» What the exercise asks: Reproduce every entry word for word. Drop all pictures from the copy.

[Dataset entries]
::::

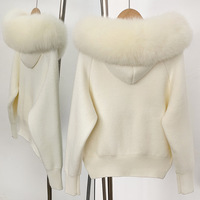 Automne hiver femmes fermeture éclair à manches longues tricot Cardigan manteau hauts à capuche détachable grand col de fourrure de renard réel luxe femme pull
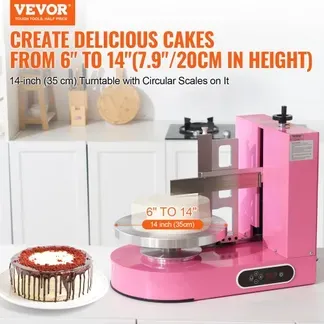VEVOR einstellbare Tortencremestreichmaschine elektrische Tortendekorationsmaschine zum Verteilen von Kuchencreme, zum Bestreichen und Schmieren von Kuchenglasuren, für 15,24-35,56 cm Kuchen Rosa VEVOR einstellbare Tortencremestreichmaschine elektrische Tortendekorationsmaschine zum Verteilen von Kuchencreme, zum Bestreichen und Schmieren von Kuchenglasuren, für 15,24-35,56 cm Kuchen Rosa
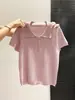 Camiseta de Punto de Manga Corta Estilo Coreano para Mujer 2026 Verano Nuevo Estilo Diseño de Cuello Polo Corte Ajustado Top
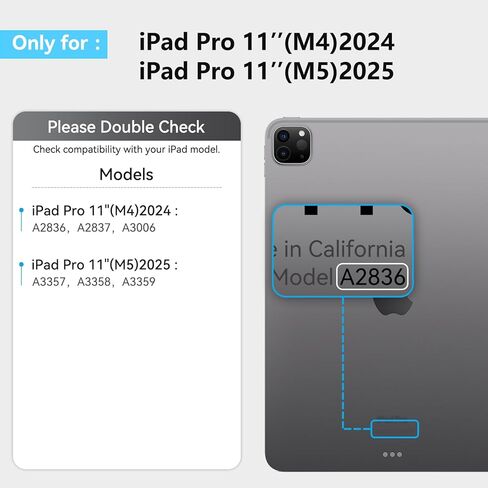 حافظة لجهاز iPad Pro 11 بوصة (M5 2025/M4 2024) - حافظة ذكية رفيعة مع خاصية التنبيه/السكون التلقائي، أسود in Kuwait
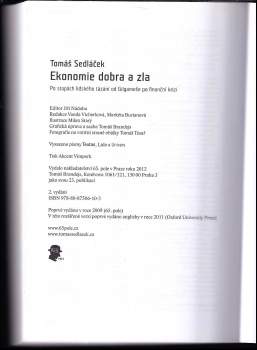 Tomáš Sedláček: Ekonomie dobra a zla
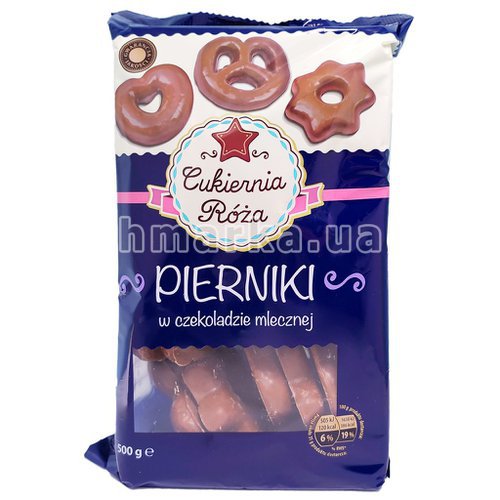 Фото Медове печиво в молочному шоколаді Cukiernia Roza, 500 г № 1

::::

» Answer for this exercise:
 Automne hiver femmes fermeture éclair à manches longues tricot Cardigan manteau hauts à capuche détachable grand col de fourrure de renard réel luxe femme pull
VEVOR einstellbare Tortencremestreichmaschine elektrische Tortendekorationsmaschine zum Verteilen von Kuchencreme, zum Bestreichen und Schmieren von Kuchenglasuren, für 15,24-35,56 cm Kuchen Rosa VEVOR einstellbare Tortencremestreichmaschine elektrische Tortendekorationsmaschine zum Verteilen von Kuchencreme, zum Bestreichen und Schmieren von Kuchenglasuren, für 15,24-35,56 cm Kuchen Rosa
 Camiseta de Punto de Manga Corta Estilo Coreano para Mujer 2026 Verano Nuevo Estilo Diseño de Cuello Polo Corte Ajustado Top
 حافظة لجهاز iPad Pro 11 بوصة (M5 2025/M4 2024) - حافظة ذكية رفيعة مع خاصية التنبيه/السكون التلقائي، أسود in Kuwait
 Tomáš Sedláček: Ekonomie dobra a zla
 Фото Медове печиво в молочному шоколаді Cukiernia Roza, 500 г № 1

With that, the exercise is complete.